Paris, Opéra Garnier le 20 avril 2023 (première). Du 20 avril au 20 mai 2023.
Georg Friedrich HAENDEL (1685 - 1759) : Ariodante
Opéra en trois actes (1735) d'après Antonio Salvi 'Ginevra, principessa di Scozia', inspiré de L’Arioste, Orlando furioso.
Ariodante : Emily D'Angelo, mezzo-soprano
Il Re di Scozia : Matthew Brook, baryton-basse
Ginevra : Olga Kulchynska, soprano
Lurcanio : Eric Ferring, ténor
Polinesso : Christophe Dumaux, contre-ténor
Dalinda : Tamara Banjesevic, soprano
Odoardo : Enrico Casari,
The English Concert
Chœurs de l’Opéra national de Paris (Alessandro Di Stefano)
Direction musicale : Harry Bicket
Mise en scène : Robert Carsen
Décors et costumes : Luis F. Carvalho
Lumières : Peter Van Praet
Chorégraphie : Nicolas Paul
Coproduction avec le Metropolitan Opera, New-York
Grosse frustration en cette première d’Ariodante au Palais Garnier.
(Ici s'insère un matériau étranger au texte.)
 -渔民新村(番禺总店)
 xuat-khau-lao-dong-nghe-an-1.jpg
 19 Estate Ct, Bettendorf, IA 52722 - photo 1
Alors que l’on se réjouissait de découvrir la nouvelle production imaginée par Robert Carsen, le public a dû se contenter d’une version de concert. Un mouvement de grève au sein du personnel du théâtre a eu raison du spectacle. Les artistes ne se sont pas démobilisés pour autant et ont donné le meilleur d’eux-mêmes, en costumes de ville, incarnant leurs personnages en bordure de scène devant l’immense panneau d’acier coupe-feu.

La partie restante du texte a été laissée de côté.